Andrew H. Shapiro, Managing Director, Biggins Lacy Shapiro & Company (Spring 2011)
Which Cities Should You Consider?
Corporate headquarters have historically congregated in large, tier-one metros such as New York, Chicago, and Los Angeles, or in traditional business centers like Cleveland or Pittsburgh. Yet one of the most striking location dynamics of the last 20 years has been the shift of corporate headquarters to new metros (especially the Sunbelt cities of Atlanta and Dallas) as they close the business infrastructure gap with traditional headquarters locations. All of these areas typically have superior air access, full business support services, strong managerial and executive labor markets, a modern communications infrastructure, and the quality of life assets that executives typically demand.
Second-tier metropolitan areas, including regional market centers such as Charlotte, Phoenix, and Denver, are becoming more popular, particularly at the divisional level.
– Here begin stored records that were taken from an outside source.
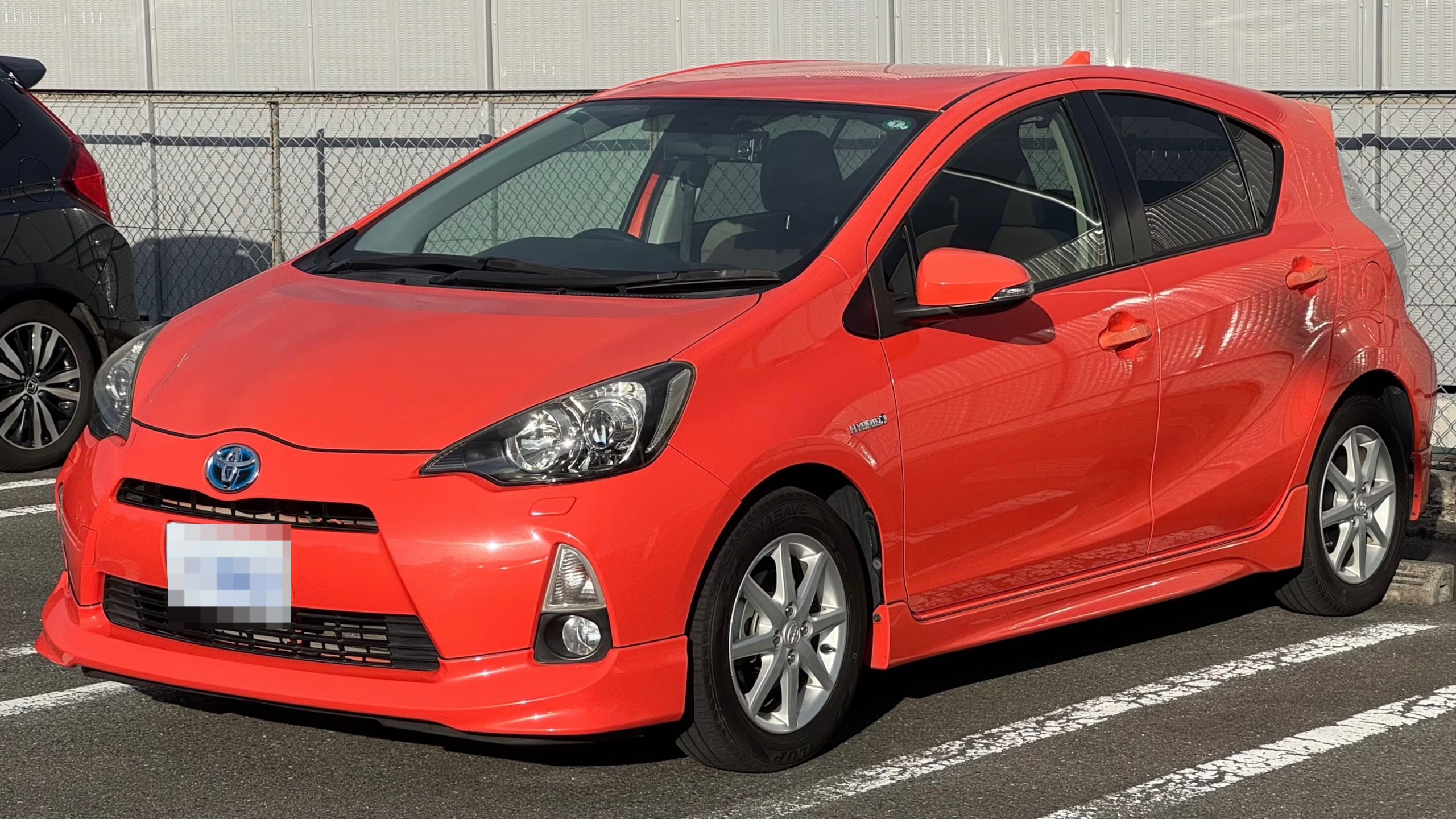 トヨタ アクアの売買実績画像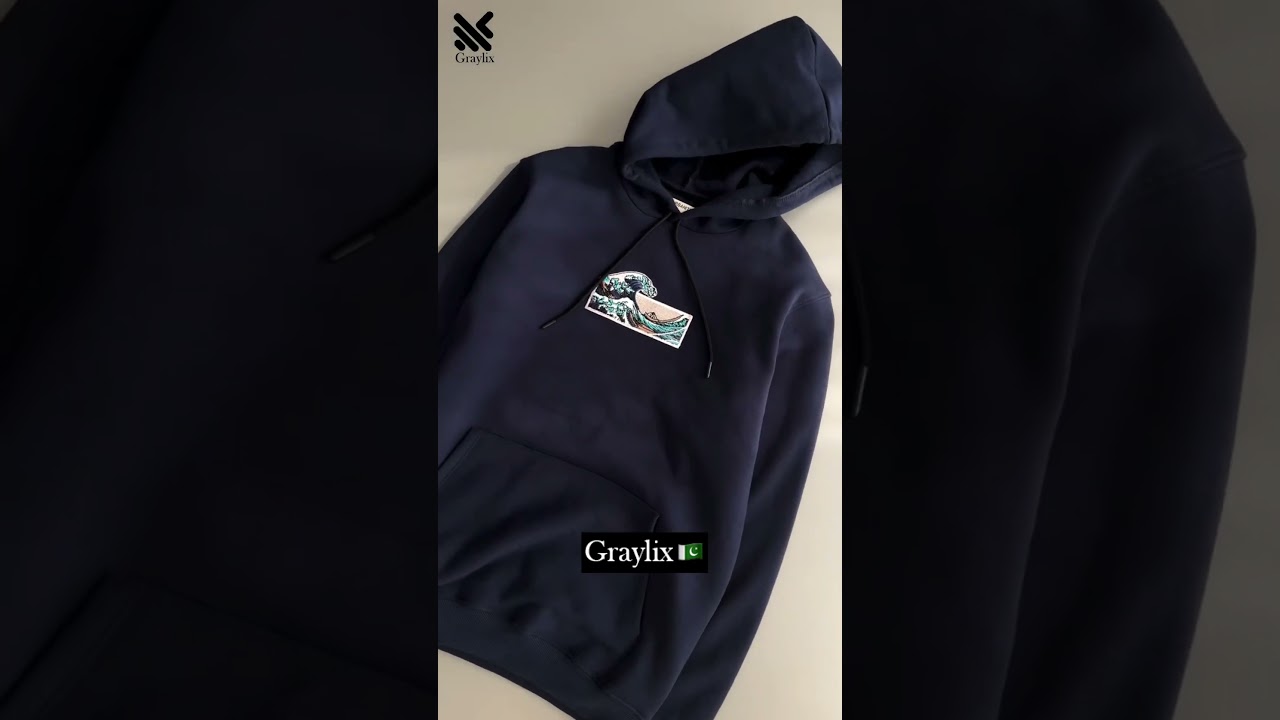 Navy Blue Hoodie – 890 T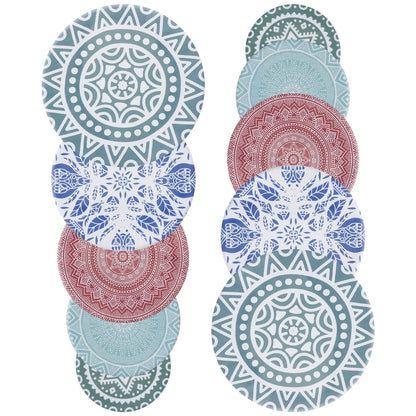 Maintain freshness with these stylish, reusable bowl covers, 10-piece set. Ideal for eco-friendly food storage.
These cities often feature clusters of locally-grown and dominant companies (although Charlotte's big banks now have a national presence), and they have become regional magnets for talent, making them a good fit for some types of corporate or divisional headquarters.
Some third-tier communities offer specific performance factors that create niche environments for particular headquarters. These include cities such as Austin and Raleigh - university communities, R&D centers, and state capitols that feature an attractive quality of life and revolve around a relatively narrow economic cluster (life sciences in Raleigh and software and technology in Austin).
Location Evaluation and Selection
With all of these choices, how does a company find its optimal headquarters location? The classic decision-making model translates a company's objectives into quantifiable headquarters location criteria that compare alternate destinations with the ultimate goal of selecting the most balanced location. Assuming that headquarters relocation will improve performance, the location screening should focus on quantifiable, geographically-variable performance factors - not necessarily cost metrics - unless locating a divisional or regional headquarters. These factors can be grouped based on overall project objectives and might look like this:
Measures of Access and Connectivity
The best proxies for connectivity are usually airport status and flight offerings, including
• Proximity to a major hub airport
• Number of non-stop flights to key destinations
• Ability to perform one-day "turnaround"
Global headquarters can almost never afford to be far from a major hub. The number of available non-stop flights usually correlates with hub status, according to the Federal Aviation Administration (FAA).